A reflexão, a exposição de idéias, é uma das suas preocupações em O falso mentiroso. Essa postura parece ser isolada na atual safra literária. O romance reflexivo, de idéias, passa à margem da literatura brasileira?
Talvez sim, talvez não. Graciliano Ramos, Clarice Lispector e Guimarães Rosa passam à margem da literatura brasileira? Se não passam, é porque não estamos dando preferência aos autores que são canônicos e, sim, aos que comem pelas beiradas no modernismo brasileiro. Qualquer pessoa que tenha tido o mínimo trato com a história e com o correr dos anos no próprio corpo, sabe que desde o século 19 a literatura (bem como as outras artes) exige um espaço muito especial dentro da concorrência de discursos que tentam explicar o ser humano (sentimentos e emoções), a história (personagens e fatos) e a sociedade (ideologia). Acreditar que a obra artística não seja produto da reflexão e que ela, à sua maneira muito especial, não “exponha” idéias, é acreditar que arte é puro entretenimento. Não é o meu caso, reafirmo.
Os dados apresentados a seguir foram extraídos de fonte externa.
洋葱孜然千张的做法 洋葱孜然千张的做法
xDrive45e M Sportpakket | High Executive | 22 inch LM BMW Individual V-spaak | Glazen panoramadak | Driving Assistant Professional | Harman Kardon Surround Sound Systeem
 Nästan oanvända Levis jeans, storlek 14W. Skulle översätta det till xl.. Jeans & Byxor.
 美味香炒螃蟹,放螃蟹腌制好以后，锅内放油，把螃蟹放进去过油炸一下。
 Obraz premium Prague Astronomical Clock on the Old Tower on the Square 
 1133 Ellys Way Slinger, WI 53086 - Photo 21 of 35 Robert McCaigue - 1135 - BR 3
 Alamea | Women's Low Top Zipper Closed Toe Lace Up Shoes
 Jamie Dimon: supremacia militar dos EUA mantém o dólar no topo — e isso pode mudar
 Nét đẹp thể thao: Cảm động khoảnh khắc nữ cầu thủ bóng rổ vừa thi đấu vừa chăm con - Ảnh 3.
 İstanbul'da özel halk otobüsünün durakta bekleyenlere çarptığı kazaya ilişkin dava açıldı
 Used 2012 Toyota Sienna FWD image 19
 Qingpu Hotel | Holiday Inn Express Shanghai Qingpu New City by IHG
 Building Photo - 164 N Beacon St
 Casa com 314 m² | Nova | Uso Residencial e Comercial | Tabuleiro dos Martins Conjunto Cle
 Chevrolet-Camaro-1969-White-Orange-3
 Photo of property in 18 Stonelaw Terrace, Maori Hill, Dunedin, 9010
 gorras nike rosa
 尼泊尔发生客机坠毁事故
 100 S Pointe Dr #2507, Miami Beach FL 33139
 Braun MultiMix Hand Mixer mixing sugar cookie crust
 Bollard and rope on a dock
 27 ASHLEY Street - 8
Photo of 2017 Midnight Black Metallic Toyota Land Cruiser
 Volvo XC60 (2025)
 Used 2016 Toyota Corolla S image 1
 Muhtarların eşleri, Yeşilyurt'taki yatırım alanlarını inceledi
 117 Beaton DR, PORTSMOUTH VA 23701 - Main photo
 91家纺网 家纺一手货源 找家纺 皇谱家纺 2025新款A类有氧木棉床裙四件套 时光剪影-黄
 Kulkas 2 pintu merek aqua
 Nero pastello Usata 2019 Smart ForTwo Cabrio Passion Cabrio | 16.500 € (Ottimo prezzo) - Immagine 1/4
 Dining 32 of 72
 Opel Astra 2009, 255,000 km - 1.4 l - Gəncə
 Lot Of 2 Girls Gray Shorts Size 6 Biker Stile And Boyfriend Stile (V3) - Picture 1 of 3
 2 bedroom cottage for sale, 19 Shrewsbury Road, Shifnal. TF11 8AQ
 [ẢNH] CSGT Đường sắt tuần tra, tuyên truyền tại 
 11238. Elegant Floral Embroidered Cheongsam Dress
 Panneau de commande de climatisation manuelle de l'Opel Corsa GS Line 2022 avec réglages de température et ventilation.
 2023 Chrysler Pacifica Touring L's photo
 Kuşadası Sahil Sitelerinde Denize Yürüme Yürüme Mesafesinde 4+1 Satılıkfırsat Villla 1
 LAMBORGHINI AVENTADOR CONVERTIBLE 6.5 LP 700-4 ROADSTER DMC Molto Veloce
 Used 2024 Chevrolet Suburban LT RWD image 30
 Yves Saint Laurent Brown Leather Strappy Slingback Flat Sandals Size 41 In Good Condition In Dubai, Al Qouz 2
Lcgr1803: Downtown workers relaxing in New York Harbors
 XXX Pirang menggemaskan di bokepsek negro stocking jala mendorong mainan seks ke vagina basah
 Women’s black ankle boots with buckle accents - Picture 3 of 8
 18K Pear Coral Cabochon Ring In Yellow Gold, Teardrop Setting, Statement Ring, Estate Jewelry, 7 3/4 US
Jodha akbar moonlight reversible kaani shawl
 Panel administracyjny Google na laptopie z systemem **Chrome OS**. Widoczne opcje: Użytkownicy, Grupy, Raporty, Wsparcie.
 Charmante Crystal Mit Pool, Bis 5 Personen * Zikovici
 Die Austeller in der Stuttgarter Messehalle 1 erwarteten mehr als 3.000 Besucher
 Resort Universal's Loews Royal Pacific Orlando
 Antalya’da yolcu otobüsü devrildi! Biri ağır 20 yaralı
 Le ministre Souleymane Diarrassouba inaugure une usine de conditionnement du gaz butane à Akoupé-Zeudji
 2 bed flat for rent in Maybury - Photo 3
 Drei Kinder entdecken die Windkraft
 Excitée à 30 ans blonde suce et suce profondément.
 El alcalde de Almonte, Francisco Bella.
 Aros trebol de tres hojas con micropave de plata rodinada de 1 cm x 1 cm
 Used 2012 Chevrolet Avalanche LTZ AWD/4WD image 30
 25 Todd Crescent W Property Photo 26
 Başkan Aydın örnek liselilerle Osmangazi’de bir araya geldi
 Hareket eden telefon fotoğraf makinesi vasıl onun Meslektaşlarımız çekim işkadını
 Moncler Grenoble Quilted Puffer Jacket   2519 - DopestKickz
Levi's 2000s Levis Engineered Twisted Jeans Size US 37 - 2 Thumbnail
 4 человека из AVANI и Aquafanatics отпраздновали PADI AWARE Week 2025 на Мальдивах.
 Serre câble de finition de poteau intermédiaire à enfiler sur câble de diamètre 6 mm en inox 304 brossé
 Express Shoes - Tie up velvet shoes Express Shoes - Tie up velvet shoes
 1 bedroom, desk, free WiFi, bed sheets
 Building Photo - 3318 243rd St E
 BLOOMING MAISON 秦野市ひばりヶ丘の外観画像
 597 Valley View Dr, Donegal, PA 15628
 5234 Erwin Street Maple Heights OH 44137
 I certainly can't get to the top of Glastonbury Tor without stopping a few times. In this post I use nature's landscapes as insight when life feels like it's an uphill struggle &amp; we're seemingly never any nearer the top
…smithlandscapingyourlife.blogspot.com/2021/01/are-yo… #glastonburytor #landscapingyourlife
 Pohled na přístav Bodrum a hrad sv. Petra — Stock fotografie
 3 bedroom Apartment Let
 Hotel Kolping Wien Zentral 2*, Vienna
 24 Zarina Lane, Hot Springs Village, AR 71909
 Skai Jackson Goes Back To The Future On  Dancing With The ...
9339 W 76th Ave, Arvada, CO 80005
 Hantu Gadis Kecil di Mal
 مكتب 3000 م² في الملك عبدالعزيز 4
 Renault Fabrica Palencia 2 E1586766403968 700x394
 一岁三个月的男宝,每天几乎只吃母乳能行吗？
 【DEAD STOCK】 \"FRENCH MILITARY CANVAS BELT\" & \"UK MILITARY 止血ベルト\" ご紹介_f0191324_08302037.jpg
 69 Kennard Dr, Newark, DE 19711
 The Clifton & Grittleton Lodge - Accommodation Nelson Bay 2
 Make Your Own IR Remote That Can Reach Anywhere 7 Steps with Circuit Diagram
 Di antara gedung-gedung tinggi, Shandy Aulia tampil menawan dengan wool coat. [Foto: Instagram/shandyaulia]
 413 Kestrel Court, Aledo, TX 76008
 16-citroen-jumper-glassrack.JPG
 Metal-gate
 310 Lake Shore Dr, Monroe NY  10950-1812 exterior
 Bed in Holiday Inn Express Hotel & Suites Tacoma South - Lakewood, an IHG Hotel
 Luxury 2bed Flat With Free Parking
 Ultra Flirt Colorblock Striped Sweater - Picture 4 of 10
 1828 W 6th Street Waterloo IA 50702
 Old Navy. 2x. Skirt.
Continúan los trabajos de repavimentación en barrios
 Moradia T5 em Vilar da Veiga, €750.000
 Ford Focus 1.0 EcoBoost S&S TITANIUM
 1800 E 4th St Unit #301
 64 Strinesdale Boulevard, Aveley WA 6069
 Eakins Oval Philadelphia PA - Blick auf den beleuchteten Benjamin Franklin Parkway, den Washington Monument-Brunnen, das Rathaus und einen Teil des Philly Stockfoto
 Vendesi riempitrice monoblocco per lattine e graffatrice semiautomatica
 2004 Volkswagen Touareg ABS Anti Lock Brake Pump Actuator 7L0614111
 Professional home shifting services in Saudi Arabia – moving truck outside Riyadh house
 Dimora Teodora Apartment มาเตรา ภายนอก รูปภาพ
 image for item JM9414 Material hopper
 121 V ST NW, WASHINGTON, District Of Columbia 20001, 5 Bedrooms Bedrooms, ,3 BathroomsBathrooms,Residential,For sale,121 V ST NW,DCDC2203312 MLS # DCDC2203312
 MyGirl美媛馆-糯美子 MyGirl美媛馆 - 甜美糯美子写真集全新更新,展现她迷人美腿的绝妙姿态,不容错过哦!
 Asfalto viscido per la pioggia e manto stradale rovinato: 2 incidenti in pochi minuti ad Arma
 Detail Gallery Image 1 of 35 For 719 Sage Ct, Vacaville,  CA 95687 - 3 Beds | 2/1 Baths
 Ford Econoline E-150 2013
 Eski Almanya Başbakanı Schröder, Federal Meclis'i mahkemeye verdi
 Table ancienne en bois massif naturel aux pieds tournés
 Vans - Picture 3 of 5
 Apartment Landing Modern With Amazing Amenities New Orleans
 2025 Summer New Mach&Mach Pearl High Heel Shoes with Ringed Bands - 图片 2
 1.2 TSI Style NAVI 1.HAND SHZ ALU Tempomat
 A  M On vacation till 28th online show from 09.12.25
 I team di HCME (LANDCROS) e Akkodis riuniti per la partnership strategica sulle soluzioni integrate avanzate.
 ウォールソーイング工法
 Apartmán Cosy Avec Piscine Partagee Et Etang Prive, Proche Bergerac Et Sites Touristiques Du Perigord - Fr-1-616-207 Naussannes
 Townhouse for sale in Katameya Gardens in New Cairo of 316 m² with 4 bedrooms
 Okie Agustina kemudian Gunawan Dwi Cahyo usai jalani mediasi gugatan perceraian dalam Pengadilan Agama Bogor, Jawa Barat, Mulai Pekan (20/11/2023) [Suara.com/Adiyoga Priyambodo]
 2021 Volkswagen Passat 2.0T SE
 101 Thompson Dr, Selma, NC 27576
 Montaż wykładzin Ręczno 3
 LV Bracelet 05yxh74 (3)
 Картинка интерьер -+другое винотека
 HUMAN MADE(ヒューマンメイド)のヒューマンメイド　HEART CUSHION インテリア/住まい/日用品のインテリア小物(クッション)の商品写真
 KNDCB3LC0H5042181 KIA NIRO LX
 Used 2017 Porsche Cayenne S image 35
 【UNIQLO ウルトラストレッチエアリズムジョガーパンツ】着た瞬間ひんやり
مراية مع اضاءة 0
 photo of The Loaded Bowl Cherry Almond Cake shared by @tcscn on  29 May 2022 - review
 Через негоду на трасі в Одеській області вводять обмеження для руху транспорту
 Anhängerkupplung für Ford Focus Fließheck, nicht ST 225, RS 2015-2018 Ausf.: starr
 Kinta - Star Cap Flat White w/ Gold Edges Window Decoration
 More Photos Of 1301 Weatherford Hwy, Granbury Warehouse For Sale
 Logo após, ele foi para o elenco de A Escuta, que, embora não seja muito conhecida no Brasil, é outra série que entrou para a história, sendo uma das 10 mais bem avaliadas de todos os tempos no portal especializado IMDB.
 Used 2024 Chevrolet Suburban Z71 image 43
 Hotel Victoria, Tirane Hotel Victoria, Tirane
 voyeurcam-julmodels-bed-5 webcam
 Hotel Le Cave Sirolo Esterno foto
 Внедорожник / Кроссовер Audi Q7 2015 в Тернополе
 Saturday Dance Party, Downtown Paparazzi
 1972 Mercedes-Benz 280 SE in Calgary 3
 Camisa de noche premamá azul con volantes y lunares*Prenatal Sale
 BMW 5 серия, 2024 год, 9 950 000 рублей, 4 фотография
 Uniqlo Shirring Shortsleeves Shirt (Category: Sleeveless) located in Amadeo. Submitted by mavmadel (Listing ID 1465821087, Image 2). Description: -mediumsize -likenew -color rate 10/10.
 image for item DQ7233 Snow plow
Caso arte não seja puro entretenimento é porque ela é outra coisa, a ser definida num espaço mais amplo do que o da entrevista. Não digo isso como motivo para choro, mas para reclamar precaução. Os retóricos medievais, citados por Ezra Pound, diziam que arte é o que comove (ut moveat), deleita (ut delectet) e ensina (ut doceat). Não encontro caracterização tripartida mais perfeita. De anos para cá, o discurso literário que não se deixa amordaçar pelas exigências da sociedade neoliberal, de consumo, tem tido um lugar que julgo dos mais notáveis, ao lado, por exemplo, do discurso filosófico. Michel Foucault, Gilles Deleuze e Jacques Derrida sabem disso e constantemente estão falando da filosofia e da literatura, das duas. Graciliano, Clarice e Rosa, para ficar com a trinca do barulho, foram na verdade pouco lidos, estão sendo mais e melhor lidos postumamente, no entanto psicanalistas, historiadores, cientistas políticos e sociais — e mais todo e qualquer bom leitor de literatura — sabem que na ficção deles estão em germe, dramatizados, situações e movimentos humanos riquíssimos que revelam um material inédito sobre o ser e a sociedade brasileiros, sobre o ser e a sociedade universais. Não sei o que houve nos últimos anos, mas o leitor de textos em escrita fonética (jornais, revistas e livros) desaprendeu de ler literatura e aprendeu a ler muito bem o texto semiótico. Parabéns para as Faculdades de Comunicação e pêsames para as Faculdades de Letras. Isso é grave, porque possibilita que o engodo literário passe como legítimo, enquanto os rigorosos critérios de exigência vão para a análise, por exemplo, de filmes.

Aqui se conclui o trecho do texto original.